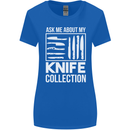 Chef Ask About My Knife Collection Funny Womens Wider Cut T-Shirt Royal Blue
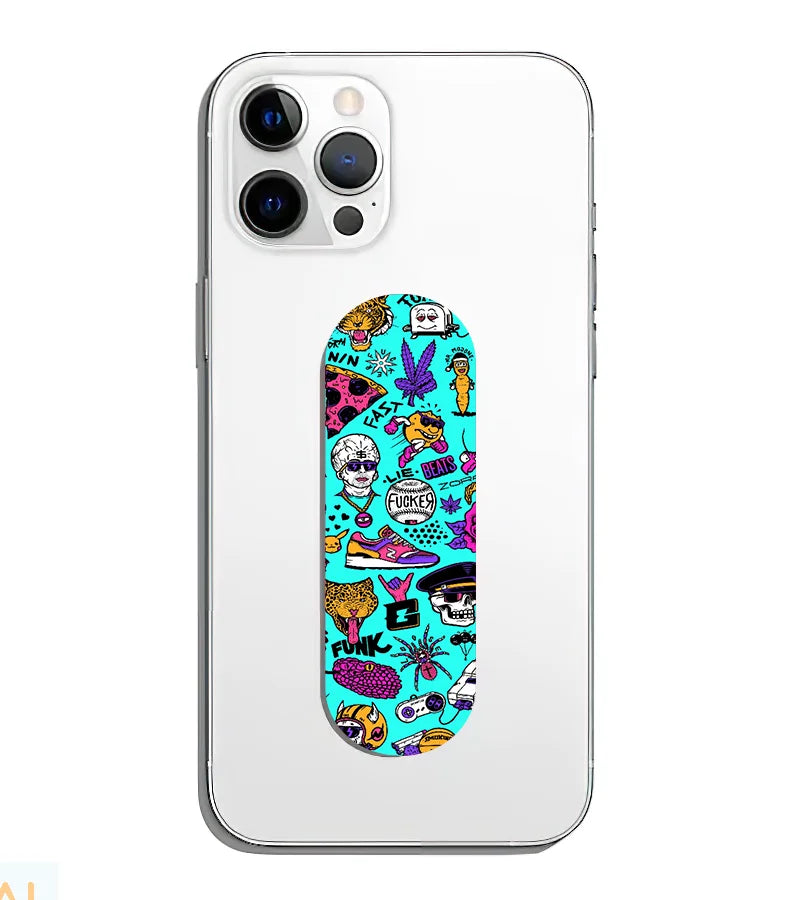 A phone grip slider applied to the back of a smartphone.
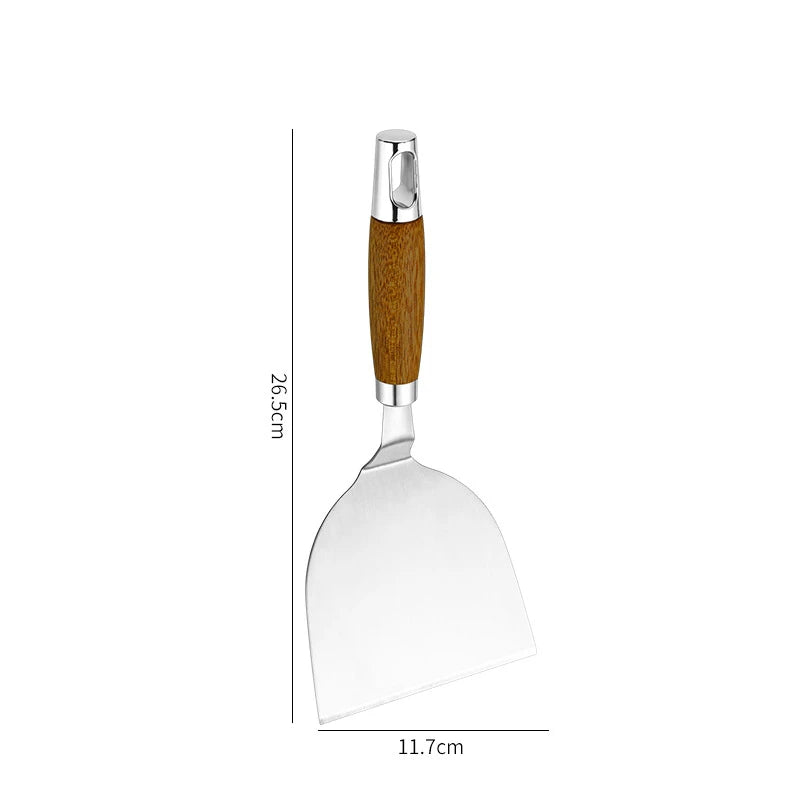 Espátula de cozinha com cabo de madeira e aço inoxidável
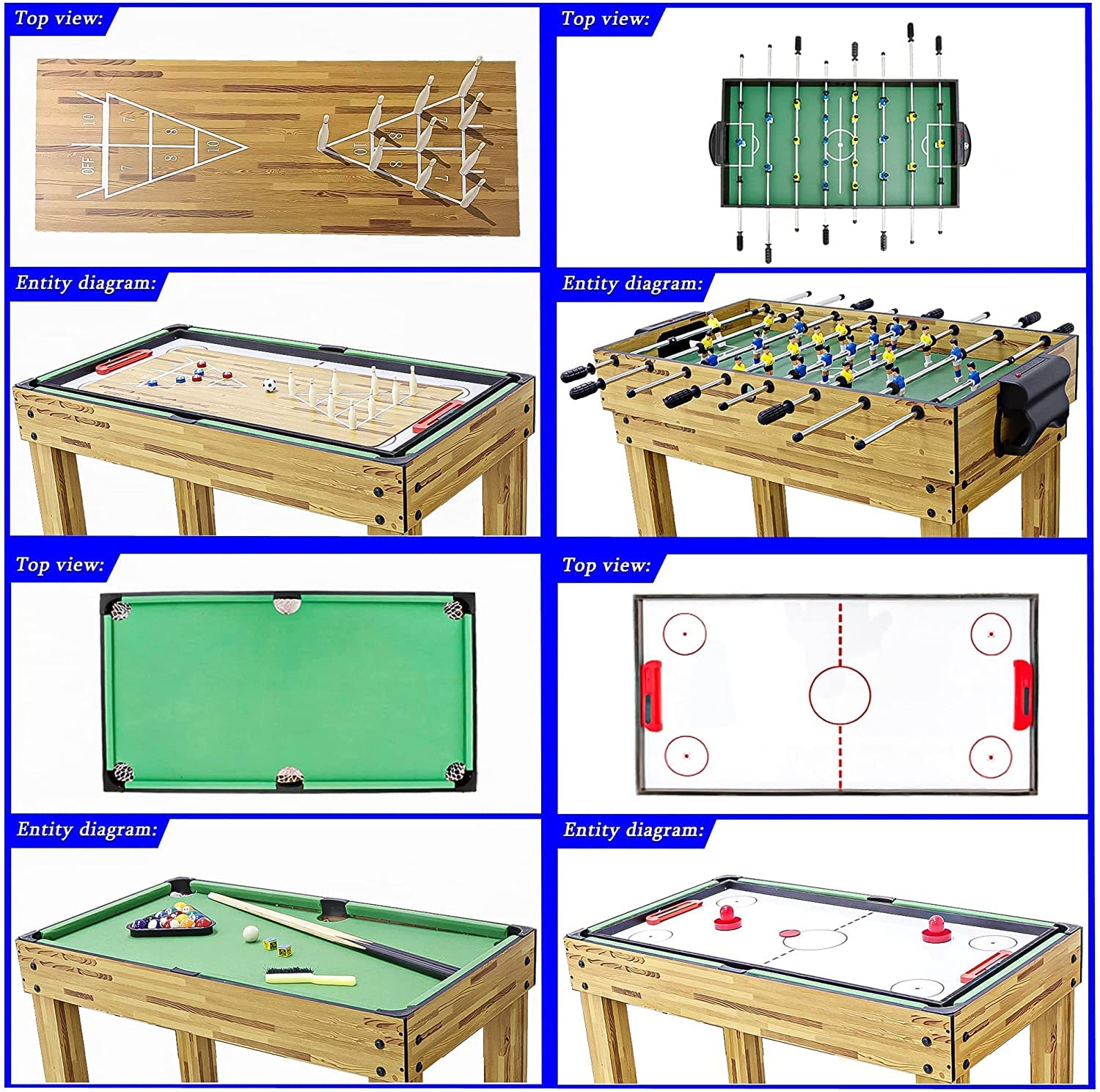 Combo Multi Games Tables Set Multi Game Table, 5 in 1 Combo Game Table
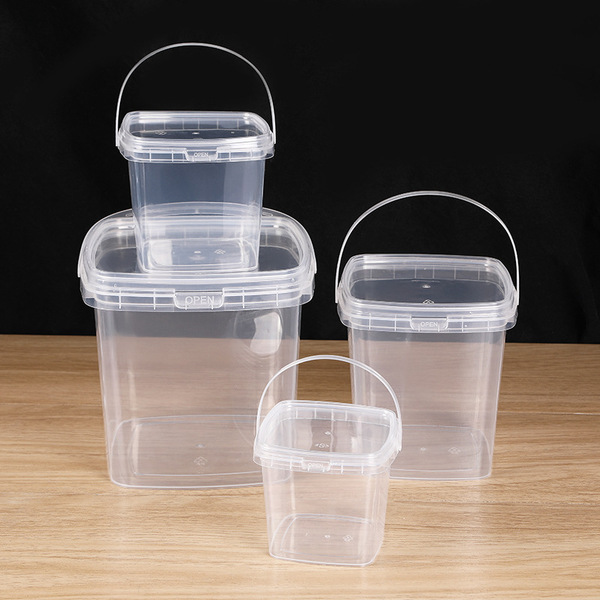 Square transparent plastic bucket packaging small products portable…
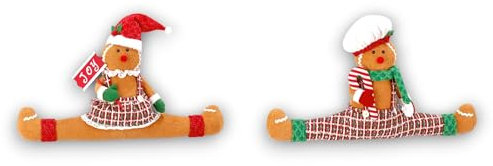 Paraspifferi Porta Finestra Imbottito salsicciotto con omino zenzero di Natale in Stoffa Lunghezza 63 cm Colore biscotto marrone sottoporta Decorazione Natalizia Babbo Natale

□ □ □

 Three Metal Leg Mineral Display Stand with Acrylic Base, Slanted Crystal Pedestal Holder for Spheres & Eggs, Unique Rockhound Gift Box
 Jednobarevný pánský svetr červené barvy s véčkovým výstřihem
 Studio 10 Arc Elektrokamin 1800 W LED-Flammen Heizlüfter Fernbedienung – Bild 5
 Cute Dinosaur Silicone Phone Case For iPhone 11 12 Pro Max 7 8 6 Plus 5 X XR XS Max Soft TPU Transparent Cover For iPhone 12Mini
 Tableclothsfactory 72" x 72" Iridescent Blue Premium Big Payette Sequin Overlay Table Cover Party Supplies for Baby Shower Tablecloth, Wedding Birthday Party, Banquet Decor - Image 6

□ □ □

Required work: I need every line from the material that contains the word "Cover".

Reply:
 Cute Dinosaur Silicone Phone Case For iPhone 11 12 Pro Max 7 8 6 Plus 5 X XR XS Max Soft TPU Transparent Cover For iPhone 12Mini
 Tableclothsfactory 72" x 72" Iridescent Blue Premium Big Payette Sequin Overlay Table Cover Party Supplies for Baby Shower Tablecloth, Wedding Birthday Party, Banquet Decor - Image 6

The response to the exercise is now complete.